It’s a meandering journey from beginning to end. Sometimes the weaving of past and present plays out in a series of alternating paragraphs. Not my thing, but I appreciated what the author had set out to do. Other times, I’d completely forget that Jonny was trying to get back home since there’d been so many digressions. This might be intentional. I’m no expert on First Nations storytelling, but a quick Google turned up some information about there being a non-linear tradition which also reminds me of some stories I heard from Elders when I lived on BC’s Sunshine Coast on the traditional territory of the Squamish and Sechelt First Nations.

 

What makes this novel compelling is the voice. Jonny identifies as a 2S (Two-Spirit) NDN (Indian) who has left the rez in rural Manitoba to make a go of living in the big city, in this case Winnipeg. Whitehead’s writing makes a strong case for the importance of #ownvoices telling stories from a minority perspective. The slang and the inclusion of terms from First Nations languages enrich the novel. 

 

A couple examples from random page flips provide a sense of the flavor:

 

The house looked like the ones on the rez, two-storeys, an off-green shade, and two windows on the second floor that look like eyes. We always thought our houses looked like Oscar the Grouch’s—maybe they were like that everywhere? Do all rezzes look the same? Like some NDN Sesame Street?

**

 

            I bought a pack of Pall Malls for ten bucks, took one out, and lit it up.

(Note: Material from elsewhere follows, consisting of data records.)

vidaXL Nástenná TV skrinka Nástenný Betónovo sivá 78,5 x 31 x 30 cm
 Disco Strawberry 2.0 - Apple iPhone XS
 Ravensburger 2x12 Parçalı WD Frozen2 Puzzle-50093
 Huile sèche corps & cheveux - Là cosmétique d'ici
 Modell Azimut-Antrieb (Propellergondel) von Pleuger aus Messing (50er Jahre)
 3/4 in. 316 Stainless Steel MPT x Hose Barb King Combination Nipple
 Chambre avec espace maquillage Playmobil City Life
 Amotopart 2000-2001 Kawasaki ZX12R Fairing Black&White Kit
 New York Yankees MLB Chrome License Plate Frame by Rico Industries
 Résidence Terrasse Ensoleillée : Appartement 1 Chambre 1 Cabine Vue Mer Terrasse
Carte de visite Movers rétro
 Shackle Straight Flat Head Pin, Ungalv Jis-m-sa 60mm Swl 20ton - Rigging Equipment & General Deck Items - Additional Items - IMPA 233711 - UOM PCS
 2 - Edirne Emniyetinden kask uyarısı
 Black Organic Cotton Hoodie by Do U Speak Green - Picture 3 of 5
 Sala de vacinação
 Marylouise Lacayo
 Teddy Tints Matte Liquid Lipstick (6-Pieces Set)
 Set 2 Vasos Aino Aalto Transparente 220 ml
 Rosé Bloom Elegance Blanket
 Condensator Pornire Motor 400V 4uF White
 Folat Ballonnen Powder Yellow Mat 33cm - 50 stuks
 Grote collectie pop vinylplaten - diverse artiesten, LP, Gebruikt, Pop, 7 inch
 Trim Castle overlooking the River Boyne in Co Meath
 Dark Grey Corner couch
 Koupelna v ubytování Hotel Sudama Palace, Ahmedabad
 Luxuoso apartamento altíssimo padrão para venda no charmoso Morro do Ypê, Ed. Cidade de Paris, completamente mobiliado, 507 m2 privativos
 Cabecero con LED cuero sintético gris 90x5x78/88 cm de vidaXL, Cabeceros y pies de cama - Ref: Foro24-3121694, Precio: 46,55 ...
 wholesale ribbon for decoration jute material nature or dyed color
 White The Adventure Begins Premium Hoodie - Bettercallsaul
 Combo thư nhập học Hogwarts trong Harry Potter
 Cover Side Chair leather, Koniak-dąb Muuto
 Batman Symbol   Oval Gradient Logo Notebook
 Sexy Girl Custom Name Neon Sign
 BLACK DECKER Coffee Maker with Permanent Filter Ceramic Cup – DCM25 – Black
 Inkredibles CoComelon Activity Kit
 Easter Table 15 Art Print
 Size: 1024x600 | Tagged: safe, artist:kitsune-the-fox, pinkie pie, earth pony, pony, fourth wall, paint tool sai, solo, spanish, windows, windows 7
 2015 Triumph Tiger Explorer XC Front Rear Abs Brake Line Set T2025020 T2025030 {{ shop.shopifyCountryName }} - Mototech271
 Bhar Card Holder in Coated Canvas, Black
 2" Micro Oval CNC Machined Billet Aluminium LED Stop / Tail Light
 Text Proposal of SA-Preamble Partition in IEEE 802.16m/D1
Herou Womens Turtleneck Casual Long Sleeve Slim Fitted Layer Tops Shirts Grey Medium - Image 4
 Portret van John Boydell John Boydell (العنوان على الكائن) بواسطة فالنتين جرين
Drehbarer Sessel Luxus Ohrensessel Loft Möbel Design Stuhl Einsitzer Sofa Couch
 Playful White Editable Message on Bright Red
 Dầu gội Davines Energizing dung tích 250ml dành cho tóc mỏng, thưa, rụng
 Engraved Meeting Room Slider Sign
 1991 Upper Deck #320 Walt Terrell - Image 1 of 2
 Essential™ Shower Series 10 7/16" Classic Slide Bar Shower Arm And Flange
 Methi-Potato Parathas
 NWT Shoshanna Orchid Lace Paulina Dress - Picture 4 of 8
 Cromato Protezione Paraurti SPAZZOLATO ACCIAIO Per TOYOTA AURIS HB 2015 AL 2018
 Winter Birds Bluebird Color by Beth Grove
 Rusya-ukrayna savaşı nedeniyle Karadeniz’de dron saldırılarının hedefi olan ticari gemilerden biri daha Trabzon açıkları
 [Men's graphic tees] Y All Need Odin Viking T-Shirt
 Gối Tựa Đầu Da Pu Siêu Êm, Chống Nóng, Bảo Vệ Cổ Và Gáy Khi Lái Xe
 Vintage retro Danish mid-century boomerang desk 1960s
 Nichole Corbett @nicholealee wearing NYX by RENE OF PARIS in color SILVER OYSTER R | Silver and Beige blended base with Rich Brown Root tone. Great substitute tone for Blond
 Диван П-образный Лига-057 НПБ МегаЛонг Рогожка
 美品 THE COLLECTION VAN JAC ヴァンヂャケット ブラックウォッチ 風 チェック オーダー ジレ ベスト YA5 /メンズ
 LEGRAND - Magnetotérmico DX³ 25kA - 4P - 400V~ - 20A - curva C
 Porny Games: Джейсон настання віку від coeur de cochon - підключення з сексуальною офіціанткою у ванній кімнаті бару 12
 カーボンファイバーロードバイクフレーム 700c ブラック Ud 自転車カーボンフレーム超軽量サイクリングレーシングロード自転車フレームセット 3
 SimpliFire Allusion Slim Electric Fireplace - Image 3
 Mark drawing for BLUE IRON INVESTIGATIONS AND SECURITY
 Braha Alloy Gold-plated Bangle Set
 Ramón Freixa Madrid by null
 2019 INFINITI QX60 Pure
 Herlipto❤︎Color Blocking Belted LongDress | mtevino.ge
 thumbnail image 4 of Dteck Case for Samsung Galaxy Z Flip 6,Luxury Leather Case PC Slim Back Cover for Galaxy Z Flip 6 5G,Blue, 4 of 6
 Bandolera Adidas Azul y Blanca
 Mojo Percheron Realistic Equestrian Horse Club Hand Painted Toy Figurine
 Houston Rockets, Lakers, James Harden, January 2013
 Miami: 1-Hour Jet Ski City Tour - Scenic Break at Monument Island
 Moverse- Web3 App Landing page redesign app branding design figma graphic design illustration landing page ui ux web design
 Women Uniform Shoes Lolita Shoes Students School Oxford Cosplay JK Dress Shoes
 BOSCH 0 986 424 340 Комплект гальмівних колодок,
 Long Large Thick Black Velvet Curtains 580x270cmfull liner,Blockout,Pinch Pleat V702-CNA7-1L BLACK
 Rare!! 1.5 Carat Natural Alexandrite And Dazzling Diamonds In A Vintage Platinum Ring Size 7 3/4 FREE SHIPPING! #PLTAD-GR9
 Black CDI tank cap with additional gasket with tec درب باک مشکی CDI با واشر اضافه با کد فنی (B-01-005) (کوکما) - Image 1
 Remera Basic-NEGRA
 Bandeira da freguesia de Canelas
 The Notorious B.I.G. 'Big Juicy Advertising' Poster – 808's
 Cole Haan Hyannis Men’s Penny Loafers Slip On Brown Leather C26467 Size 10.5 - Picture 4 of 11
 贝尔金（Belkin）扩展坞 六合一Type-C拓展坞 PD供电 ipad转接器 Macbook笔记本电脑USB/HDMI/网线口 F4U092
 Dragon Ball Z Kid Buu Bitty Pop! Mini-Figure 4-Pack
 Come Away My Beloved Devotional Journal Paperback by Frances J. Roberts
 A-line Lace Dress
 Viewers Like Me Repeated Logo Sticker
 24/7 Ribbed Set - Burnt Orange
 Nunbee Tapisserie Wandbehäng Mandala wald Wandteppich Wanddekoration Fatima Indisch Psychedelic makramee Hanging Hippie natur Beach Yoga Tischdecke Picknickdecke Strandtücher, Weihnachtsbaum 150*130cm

That feeling of relaxation came over me, the kind that burns your throat but makes you feel like you’re back home even if you’re hundreds of miles away. A good cigarette is like a familiar story. A Nate [Native] saw me spark one up and made his way over to me. 

            “Hey cuz, can I bum a light?”

            “Oh yeah, sure.”

            “Oh hey, can I bum a smoke too?”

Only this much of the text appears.